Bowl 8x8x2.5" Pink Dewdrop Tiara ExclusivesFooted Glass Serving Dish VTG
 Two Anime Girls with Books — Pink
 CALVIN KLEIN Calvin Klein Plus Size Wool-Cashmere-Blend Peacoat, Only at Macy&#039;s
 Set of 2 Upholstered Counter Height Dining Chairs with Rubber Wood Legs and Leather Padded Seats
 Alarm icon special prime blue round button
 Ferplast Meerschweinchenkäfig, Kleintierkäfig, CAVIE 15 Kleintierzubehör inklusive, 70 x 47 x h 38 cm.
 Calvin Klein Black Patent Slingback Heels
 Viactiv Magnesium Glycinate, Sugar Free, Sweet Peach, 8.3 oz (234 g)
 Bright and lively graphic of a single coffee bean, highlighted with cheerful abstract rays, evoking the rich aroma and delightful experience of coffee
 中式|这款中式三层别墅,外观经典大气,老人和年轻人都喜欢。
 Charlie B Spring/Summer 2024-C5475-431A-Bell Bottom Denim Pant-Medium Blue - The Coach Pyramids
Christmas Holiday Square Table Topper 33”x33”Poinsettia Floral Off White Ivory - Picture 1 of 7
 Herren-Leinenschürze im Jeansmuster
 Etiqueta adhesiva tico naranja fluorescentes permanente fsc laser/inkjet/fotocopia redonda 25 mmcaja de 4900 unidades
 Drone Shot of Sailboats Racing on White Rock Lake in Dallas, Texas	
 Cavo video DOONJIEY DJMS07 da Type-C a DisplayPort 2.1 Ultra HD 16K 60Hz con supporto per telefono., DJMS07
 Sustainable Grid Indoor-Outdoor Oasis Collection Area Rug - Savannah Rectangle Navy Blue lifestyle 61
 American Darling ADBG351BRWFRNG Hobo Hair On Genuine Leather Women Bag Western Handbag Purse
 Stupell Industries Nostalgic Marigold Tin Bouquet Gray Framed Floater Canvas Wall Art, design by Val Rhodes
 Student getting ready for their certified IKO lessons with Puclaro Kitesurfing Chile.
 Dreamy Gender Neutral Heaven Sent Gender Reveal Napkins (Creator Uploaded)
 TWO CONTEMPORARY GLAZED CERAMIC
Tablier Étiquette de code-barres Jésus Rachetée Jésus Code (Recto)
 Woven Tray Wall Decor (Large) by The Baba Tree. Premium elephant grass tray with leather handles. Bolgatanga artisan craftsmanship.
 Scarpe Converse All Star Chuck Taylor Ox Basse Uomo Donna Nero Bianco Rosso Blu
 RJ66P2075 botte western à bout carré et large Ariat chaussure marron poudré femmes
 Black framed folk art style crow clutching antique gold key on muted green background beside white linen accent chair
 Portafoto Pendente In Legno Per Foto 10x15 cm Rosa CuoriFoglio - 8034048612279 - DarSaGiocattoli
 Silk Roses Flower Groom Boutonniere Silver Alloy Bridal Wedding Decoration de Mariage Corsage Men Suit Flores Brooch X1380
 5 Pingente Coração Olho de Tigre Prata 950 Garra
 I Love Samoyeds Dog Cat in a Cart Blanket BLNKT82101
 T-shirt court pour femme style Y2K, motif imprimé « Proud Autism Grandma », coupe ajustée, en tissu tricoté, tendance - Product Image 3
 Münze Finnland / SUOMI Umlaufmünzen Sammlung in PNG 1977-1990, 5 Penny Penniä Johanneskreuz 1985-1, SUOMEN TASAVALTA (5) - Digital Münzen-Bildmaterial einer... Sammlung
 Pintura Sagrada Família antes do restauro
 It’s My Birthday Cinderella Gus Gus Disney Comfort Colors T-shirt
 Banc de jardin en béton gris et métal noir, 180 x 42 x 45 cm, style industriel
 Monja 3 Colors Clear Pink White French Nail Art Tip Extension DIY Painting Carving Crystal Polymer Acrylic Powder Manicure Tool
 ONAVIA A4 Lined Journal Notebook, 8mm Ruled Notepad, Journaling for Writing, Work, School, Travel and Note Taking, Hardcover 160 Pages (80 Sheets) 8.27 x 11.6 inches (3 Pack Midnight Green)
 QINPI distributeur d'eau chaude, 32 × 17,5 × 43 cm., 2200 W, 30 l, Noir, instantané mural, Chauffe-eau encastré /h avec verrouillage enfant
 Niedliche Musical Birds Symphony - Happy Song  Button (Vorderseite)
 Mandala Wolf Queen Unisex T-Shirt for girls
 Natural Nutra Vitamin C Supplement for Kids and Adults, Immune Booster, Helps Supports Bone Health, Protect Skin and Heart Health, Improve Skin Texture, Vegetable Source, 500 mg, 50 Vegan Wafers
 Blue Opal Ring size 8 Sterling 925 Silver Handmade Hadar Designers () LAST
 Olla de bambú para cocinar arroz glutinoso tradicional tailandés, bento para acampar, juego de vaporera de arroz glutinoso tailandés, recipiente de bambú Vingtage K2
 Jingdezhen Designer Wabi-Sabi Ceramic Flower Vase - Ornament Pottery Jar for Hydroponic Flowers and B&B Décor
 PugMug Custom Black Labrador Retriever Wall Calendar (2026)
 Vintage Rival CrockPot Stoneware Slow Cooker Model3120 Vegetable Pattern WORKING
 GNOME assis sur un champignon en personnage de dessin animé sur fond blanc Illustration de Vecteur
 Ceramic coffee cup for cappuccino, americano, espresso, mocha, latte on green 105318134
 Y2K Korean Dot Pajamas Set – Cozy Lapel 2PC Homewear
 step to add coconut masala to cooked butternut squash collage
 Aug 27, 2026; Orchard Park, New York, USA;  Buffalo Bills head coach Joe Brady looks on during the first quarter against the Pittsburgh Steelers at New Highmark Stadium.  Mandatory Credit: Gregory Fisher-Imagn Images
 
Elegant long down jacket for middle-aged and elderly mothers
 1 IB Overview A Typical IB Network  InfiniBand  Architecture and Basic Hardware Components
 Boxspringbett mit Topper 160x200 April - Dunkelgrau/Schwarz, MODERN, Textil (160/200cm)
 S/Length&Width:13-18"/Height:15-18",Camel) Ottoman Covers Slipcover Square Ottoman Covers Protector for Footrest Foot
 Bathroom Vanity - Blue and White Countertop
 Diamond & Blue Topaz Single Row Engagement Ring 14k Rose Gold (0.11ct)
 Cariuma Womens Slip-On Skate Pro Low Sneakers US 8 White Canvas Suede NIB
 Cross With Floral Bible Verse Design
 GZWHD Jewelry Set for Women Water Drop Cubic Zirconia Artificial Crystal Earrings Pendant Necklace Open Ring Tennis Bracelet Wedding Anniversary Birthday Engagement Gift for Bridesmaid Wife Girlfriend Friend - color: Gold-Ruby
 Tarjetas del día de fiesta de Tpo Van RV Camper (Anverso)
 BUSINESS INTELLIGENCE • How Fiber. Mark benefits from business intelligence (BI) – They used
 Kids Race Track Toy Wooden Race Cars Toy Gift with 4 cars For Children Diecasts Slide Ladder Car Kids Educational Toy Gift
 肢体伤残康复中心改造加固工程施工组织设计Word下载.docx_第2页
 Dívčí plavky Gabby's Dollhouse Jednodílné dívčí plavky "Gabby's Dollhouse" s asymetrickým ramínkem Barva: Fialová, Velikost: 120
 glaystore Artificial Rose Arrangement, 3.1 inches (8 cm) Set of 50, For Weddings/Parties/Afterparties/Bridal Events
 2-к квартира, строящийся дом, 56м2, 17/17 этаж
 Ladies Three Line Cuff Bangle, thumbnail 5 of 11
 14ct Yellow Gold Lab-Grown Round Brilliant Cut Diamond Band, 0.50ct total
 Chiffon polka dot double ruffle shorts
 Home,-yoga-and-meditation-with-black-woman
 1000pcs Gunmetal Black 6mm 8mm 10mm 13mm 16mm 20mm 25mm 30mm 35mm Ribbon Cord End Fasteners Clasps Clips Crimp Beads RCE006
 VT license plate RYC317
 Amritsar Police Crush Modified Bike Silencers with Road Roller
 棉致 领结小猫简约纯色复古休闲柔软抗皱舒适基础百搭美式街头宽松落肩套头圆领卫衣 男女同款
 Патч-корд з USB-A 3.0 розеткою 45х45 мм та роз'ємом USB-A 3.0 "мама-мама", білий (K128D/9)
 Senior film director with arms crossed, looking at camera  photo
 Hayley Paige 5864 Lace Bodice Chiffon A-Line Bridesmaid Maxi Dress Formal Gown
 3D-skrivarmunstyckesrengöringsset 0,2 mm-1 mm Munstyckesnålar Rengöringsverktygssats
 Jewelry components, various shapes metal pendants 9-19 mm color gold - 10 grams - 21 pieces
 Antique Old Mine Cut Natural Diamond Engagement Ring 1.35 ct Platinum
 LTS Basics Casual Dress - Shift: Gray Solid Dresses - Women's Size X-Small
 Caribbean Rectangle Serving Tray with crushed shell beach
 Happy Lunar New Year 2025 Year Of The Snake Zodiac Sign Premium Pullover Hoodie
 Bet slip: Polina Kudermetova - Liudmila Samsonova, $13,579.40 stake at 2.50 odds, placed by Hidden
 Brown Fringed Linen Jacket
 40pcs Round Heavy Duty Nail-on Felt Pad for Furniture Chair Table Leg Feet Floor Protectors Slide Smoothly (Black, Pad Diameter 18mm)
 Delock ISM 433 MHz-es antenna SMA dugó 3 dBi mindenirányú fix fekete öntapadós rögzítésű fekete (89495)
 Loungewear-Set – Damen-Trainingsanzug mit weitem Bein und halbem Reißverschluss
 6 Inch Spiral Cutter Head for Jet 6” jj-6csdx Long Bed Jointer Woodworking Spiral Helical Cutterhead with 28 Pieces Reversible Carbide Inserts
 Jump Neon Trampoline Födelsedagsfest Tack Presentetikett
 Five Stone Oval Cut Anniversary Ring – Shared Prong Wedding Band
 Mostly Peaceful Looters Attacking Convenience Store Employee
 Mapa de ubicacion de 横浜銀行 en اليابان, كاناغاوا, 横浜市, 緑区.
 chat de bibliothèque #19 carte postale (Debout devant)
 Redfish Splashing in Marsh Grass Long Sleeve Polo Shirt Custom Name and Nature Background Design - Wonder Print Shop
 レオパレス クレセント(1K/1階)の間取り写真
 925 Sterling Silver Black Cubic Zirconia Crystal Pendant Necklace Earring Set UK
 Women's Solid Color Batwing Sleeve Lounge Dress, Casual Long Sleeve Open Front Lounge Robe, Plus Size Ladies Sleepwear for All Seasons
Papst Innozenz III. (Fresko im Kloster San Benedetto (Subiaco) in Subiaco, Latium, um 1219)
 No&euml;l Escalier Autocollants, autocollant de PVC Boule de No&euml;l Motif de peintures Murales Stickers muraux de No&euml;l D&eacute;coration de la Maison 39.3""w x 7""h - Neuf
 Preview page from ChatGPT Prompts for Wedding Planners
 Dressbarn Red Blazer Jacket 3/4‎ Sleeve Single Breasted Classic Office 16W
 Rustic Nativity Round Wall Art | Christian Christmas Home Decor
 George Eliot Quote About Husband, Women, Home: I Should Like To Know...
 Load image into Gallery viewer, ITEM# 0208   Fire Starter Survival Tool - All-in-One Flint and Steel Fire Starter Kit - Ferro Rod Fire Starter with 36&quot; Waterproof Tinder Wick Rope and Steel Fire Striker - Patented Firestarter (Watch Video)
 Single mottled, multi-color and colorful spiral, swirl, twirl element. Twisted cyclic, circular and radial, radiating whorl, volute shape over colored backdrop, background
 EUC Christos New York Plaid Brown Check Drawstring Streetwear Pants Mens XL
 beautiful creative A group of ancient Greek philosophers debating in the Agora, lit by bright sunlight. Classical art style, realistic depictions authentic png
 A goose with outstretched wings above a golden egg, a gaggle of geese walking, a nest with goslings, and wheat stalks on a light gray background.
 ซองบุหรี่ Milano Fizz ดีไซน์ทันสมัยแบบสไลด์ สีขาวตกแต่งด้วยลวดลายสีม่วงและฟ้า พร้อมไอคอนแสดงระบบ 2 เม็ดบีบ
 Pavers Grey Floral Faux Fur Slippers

_DESCRIPTION OF THE TASK_
Retype every line of the listing, word for word, from its opening line to the line that holds "Herren-Leinenschürze im Jeansmuster", and include that last line too.

_TASK ANSWER_
Bowl 8x8x2.5" Pink Dewdrop Tiara ExclusivesFooted Glass Serving Dish VTG
 Two Anime Girls with Books — Pink
 CALVIN KLEIN Calvin Klein Plus Size Wool-Cashmere-Blend Peacoat, Only at Macy&#039;s
 Set of 2 Upholstered Counter Height Dining Chairs with Rubber Wood Legs and Leather Padded Seats
 Alarm icon special prime blue round button
 Ferplast Meerschweinchenkäfig, Kleintierkäfig, CAVIE 15 Kleintierzubehör inklusive, 70 x 47 x h 38 cm.
 Calvin Klein Black Patent Slingback Heels
 Viactiv Magnesium Glycinate, Sugar Free, Sweet Peach, 8.3 oz (234 g)
 Bright and lively graphic of a single coffee bean, highlighted with cheerful abstract rays, evoking the rich aroma and delightful experience of coffee
 中式|这款中式三层别墅,外观经典大气,老人和年轻人都喜欢。
 Charlie B Spring/Summer 2024-C5475-431A-Bell Bottom Denim Pant-Medium Blue - The Coach Pyramids
Christmas Holiday Square Table Topper 33”x33”Poinsettia Floral Off White Ivory - Picture 1 of 7
 Herren-Leinenschürze im Jeansmuster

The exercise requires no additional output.